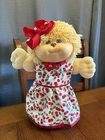 1980s Cabbage Patch Kid Puppy Dog Koosas Blue Eyes Cherry Dress Cute Koosa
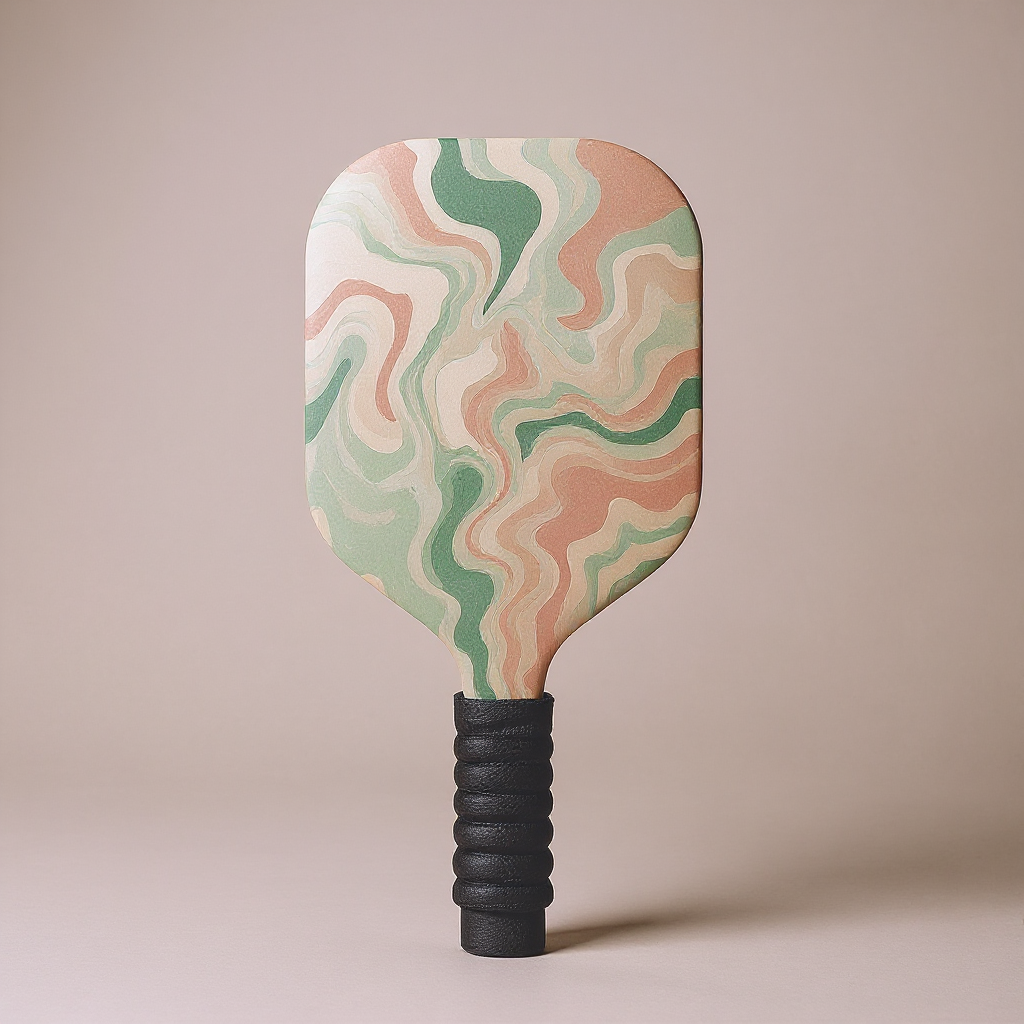 Sage, blush and cream hydro dip carbon fiber pickleball paddle with realistic grip and texture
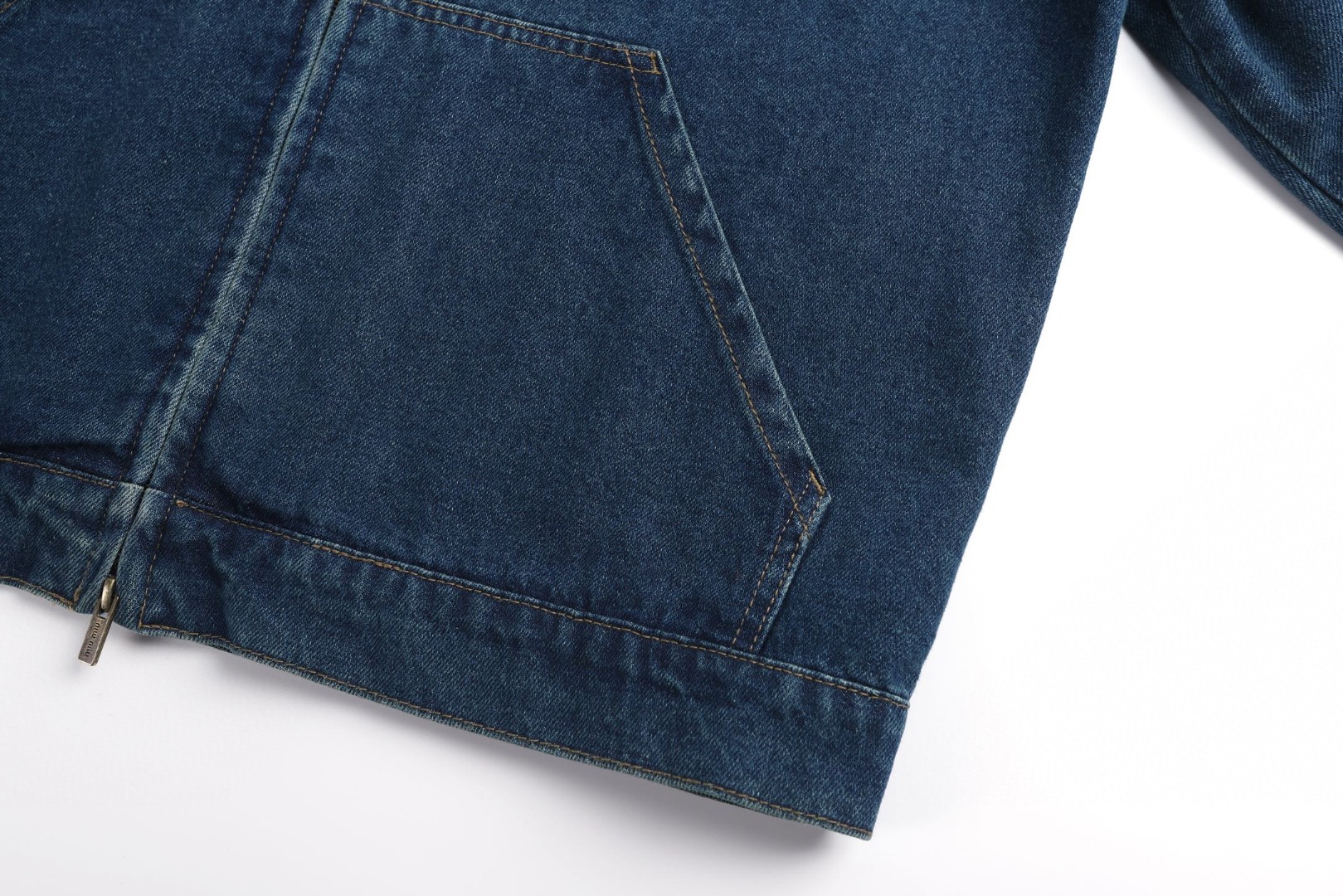 MIU MIU 缪缪 连帽刺绣纯色拉链牛仔外套 长袖 蓝色 B0 GWB251-16E5-F0008-S-OOO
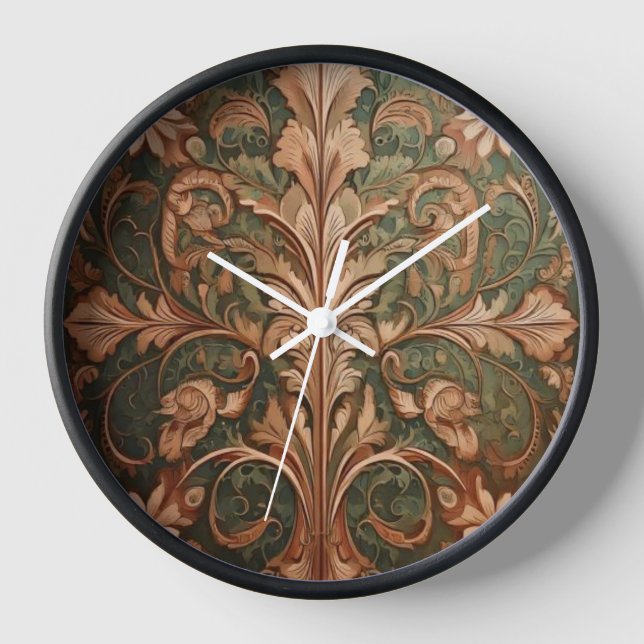 Clock made of wooden leafs (Front)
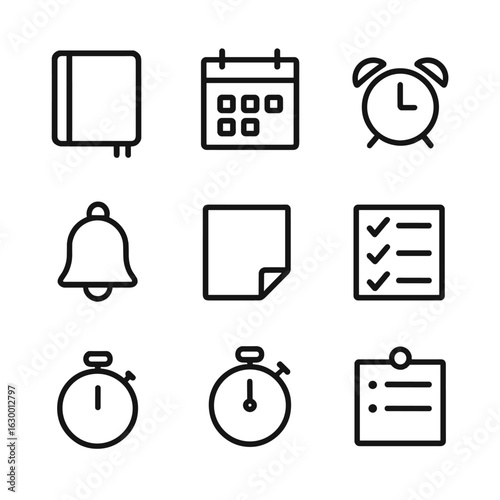 Memory Aid Icons. Outline icon set of memory aids: diary, calendar, alarm clock, reminder bell, sticky note, checklist, timer,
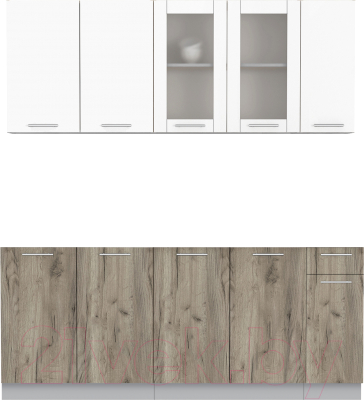 Кухонный гарнитур Интерлиния Мила 19 Без столешницы (белый платинум/дуб серый) - фото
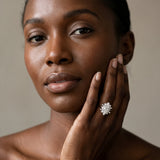 White gold Oval Diamond Cluster Ring with Round and Baguette Stones, Split Shank Band, Prong Setting_200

Task to carry out:
Looking at the records above, extract only the lines from the one with "MIU MIU 缪缪 连帽刺绣纯色拉链牛仔外套" through the last line, exactly, with the pictures left out.

Exercise solution:
 MIU MIU 缪缪 连帽刺绣纯色拉链牛仔外套 长袖 蓝色 B0 GWB251-16E5-F0008-S-OOO
 Clock made of wooden leafs (Front)
 Memory Aid Icons. Outline icon set of memory aids: diary, calendar, alarm clock, reminder bell, sticky note, checklist, timer,
 Кухонный гарнитур Интерлиния Мила 19 Без столешницы (белый платинум/дуб серый) - фото
 White gold Oval Diamond Cluster Ring with Round and Baguette Stones, Split Shank Band, Prong Setting_200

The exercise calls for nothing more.